• Task prompt: Output only the lines below from the one holding "ทะลุ 7 หมื่นบาทแล้ว" down to the one holding "版號降臨，騰訊網易喜開張！季度末尾，大量網遊爭相推出新版本", both end lines included and every picture dropped.

• Data records:
-=-=-=-=-

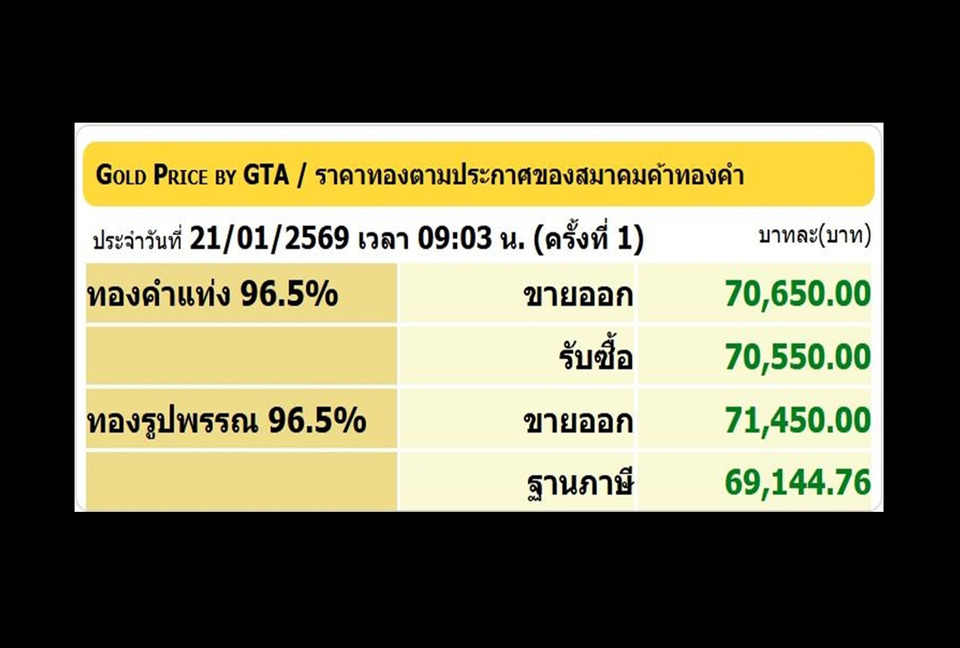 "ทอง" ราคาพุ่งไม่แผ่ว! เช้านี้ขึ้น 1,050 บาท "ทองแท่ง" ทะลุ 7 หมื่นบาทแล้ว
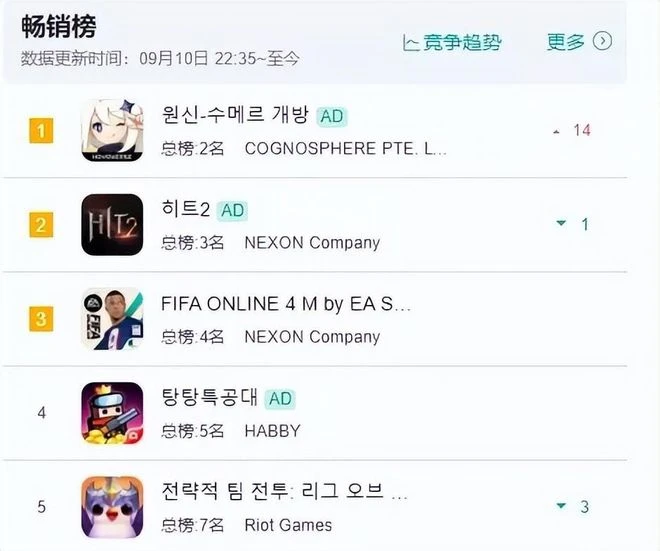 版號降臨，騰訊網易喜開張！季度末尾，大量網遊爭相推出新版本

-=-=-=-=-

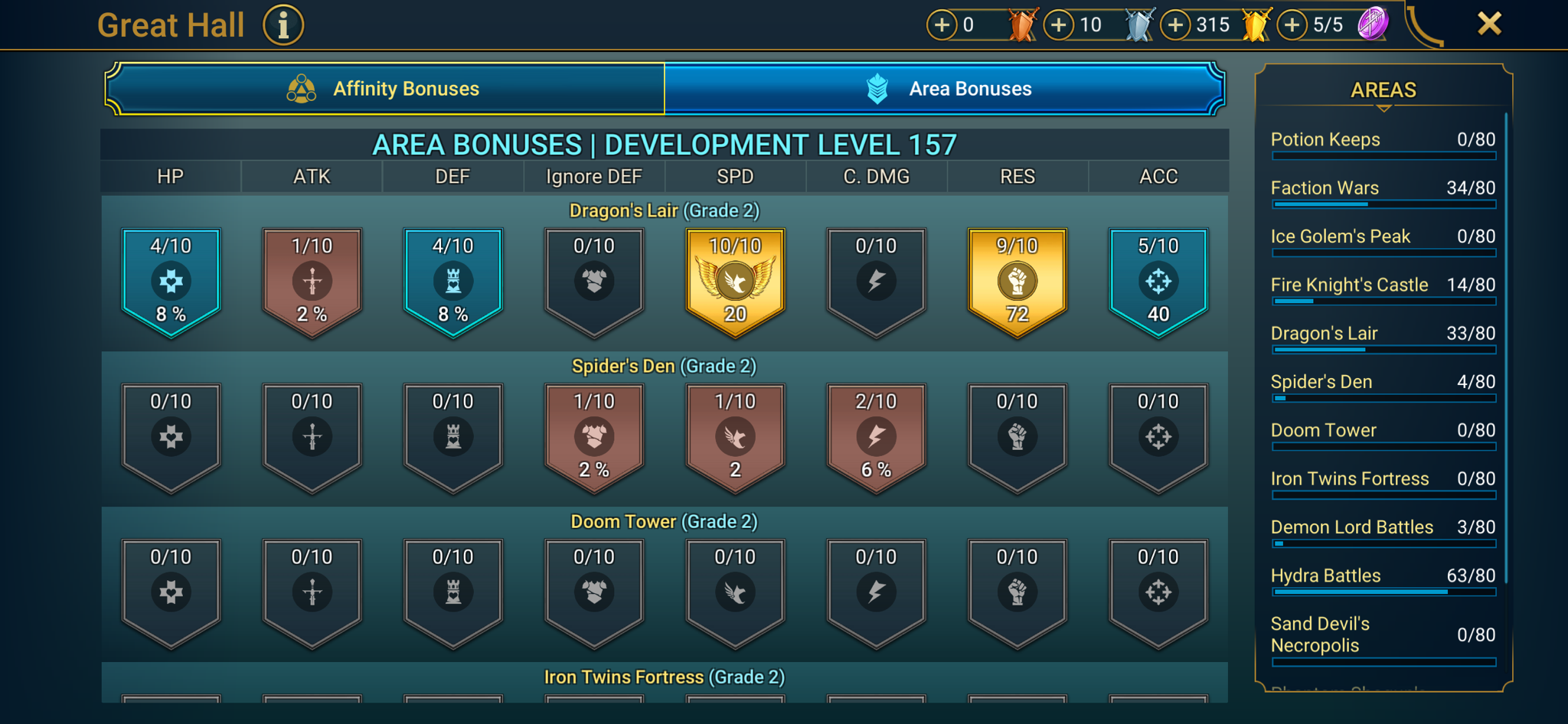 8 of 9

-=-=-=-=-

• Response area:
 "ทอง" ราคาพุ่งไม่แผ่ว! เช้านี้ขึ้น 1,050 บาท "ทองแท่ง" ทะลุ 7 หมื่นบาทแล้ว
 版號降臨，騰訊網易喜開張！季度末尾，大量網遊爭相推出新版本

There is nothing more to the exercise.